(Captioned web images)
::::
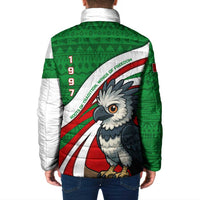 Indigenous Regions of Panama Ngabe-Bugle Padded Jacket with Harpy Eagle Graphic and Green Red Tribal Pattern 1997 - Wonder Print Shop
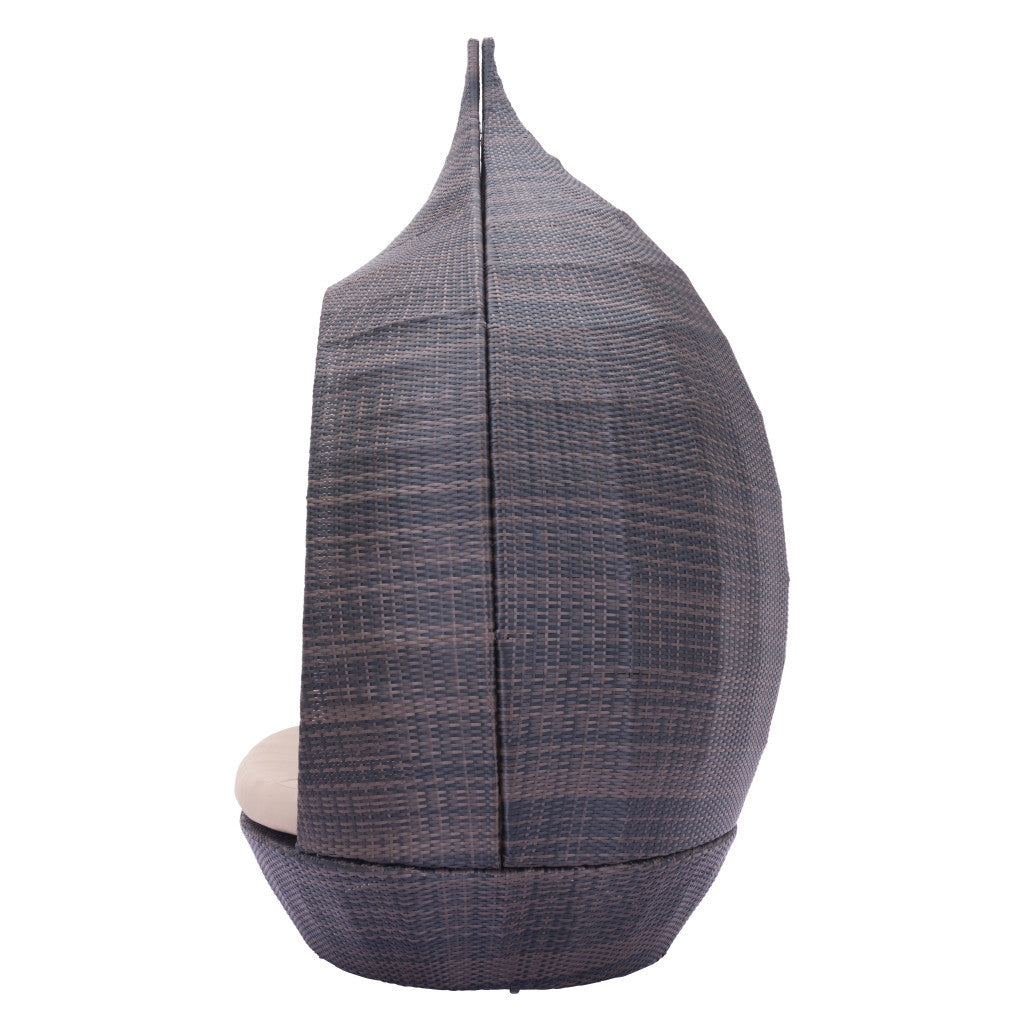 Teardrop Shaped Brown and Beige Daybed-4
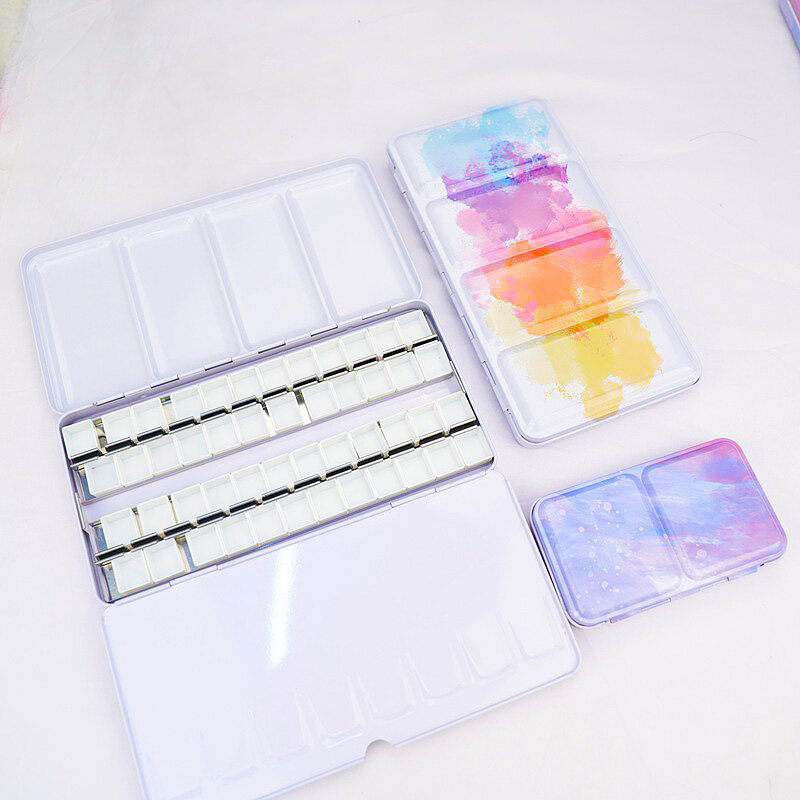 24/48 Grids Starry Empty Palette Painting Storage Iron Tins Paint Tray Box with Half Pans For Watercolor/Oil/ Acrylic Paints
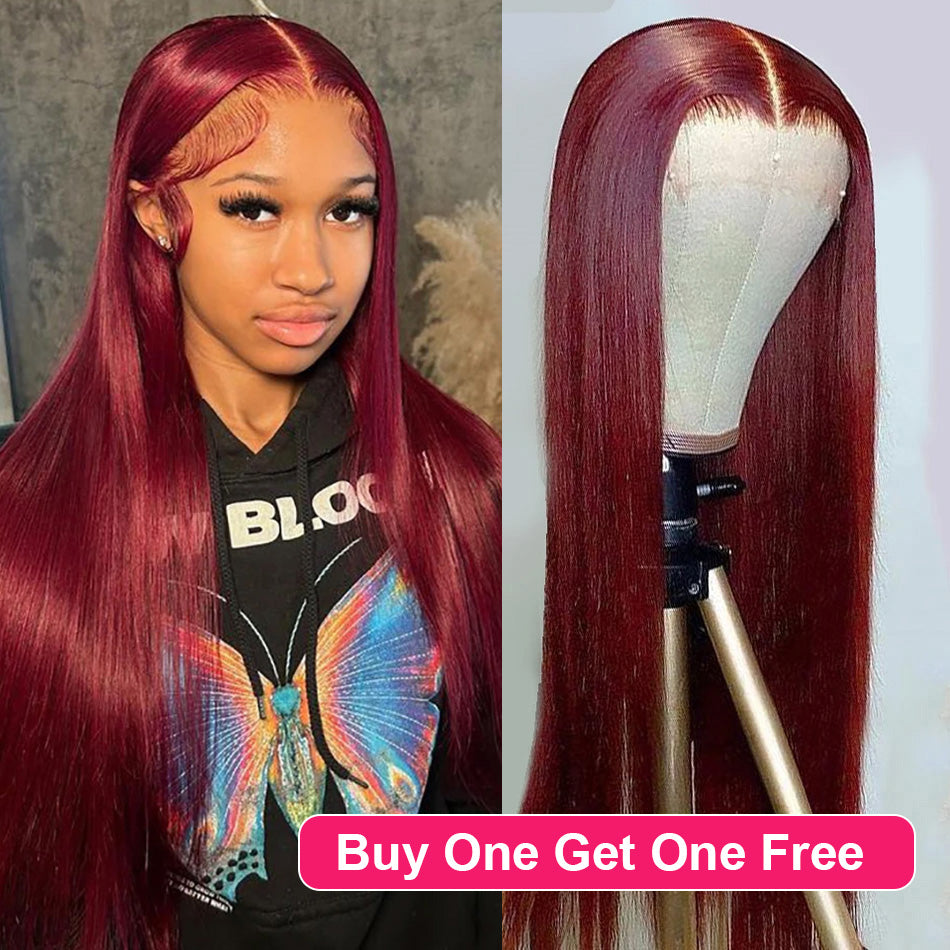 Bogo Deal ! Hot Star Burgundy 99j Colored HD Transaprent 13x6 Lace Front Wig 6x4 Lace Glueless Ready Go Human Hair Wigs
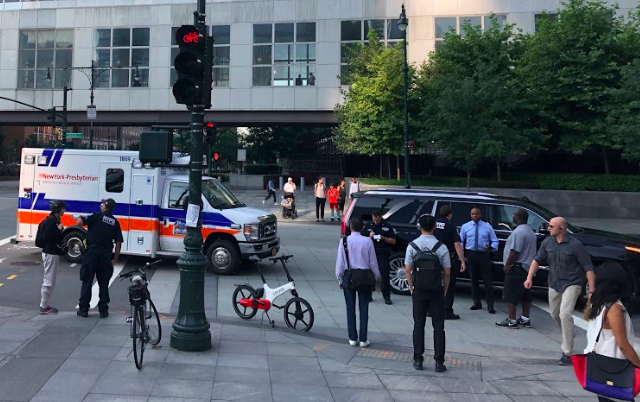 The scene at West Street and Liberty Street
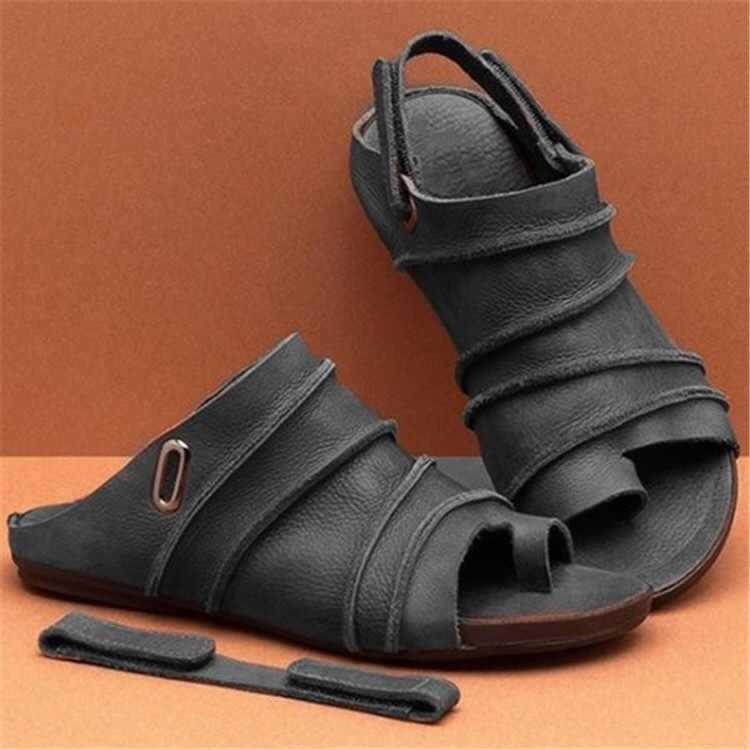 Fish mouthed toe clip beach women's sandals Velcro slippers dual-purpose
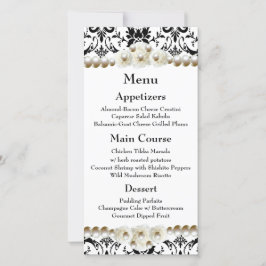 Chic Black & White Damask Pearl Wedding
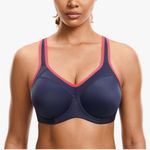 SYROKAN NWT Full Support Racerback Lightly Lined Underwire Sports Bra 34E Blue Size undefined Photo 0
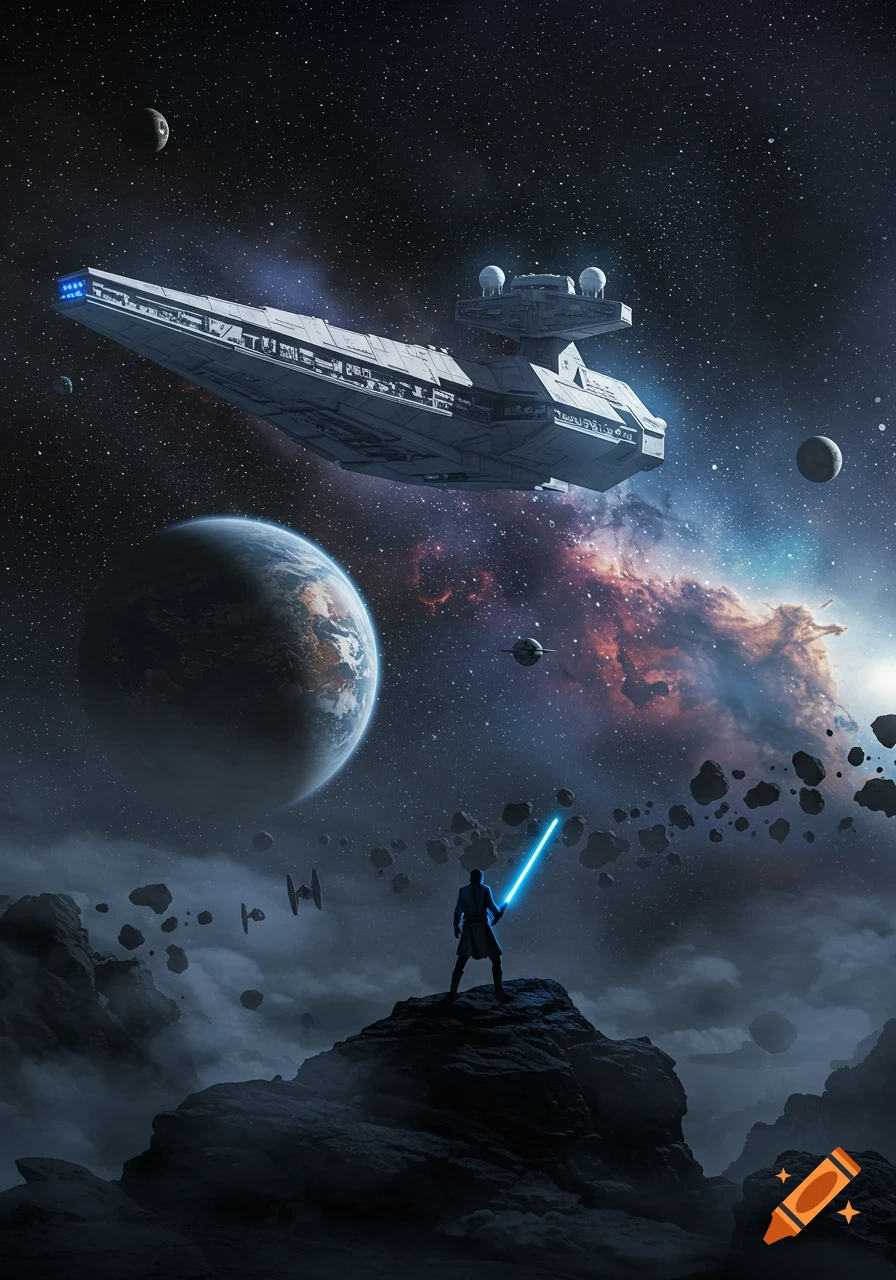 A lone figure with a blue lightsaber stands on a rocky peak, looking at a large spaceship, planets, and a nebula in space.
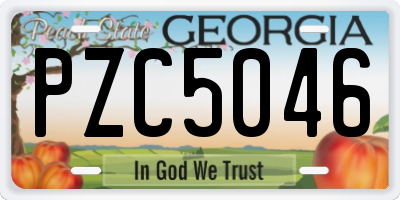 GA license plate PZC5046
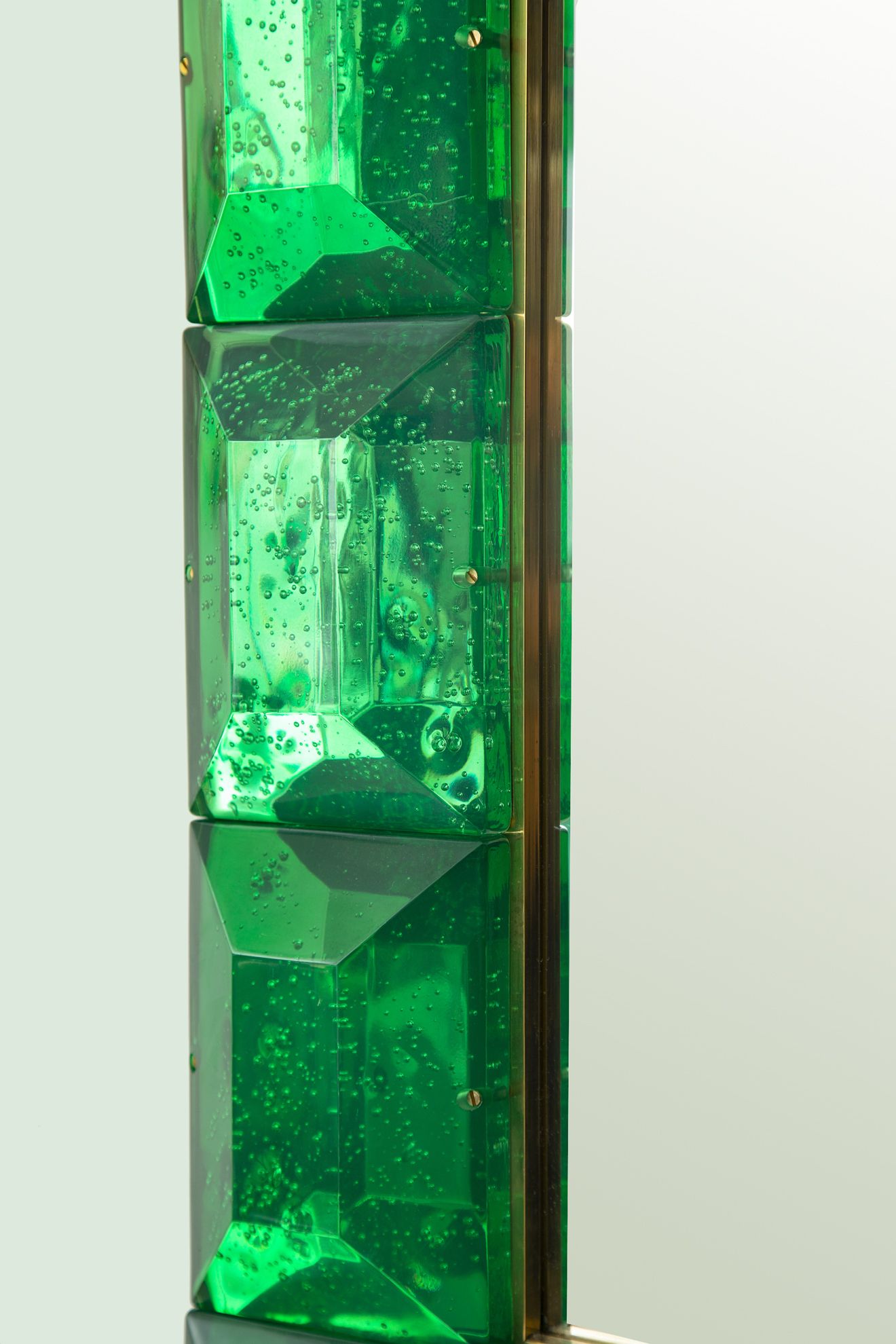 Famous Emerald Cut Wall Mirrors Regarding Modern Italian Emerald Green Faceted Glass Mirror (View 6 of 15)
::::
WORK INSTRUCTIONS: An exact copy is required of the lines from the start of the records above through the line with "Bogo Deal !", and only those, without any pictures.

TASK OUTPUT:
 Indigenous Regions of Panama Ngabe-Bugle Padded Jacket with Harpy Eagle Graphic and Green Red Tribal Pattern 1997 - Wonder Print Shop
 Teardrop Shaped Brown and Beige Daybed-4
 24/48 Grids Starry Empty Palette Painting Storage Iron Tins Paint Tray Box with Half Pans For Watercolor/Oil/ Acrylic Paints
 Bogo Deal ! Hot Star Burgundy 99j Colored HD Transaprent 13x6 Lace Front Wig 6x4 Lace Glueless Ready Go Human Hair Wigs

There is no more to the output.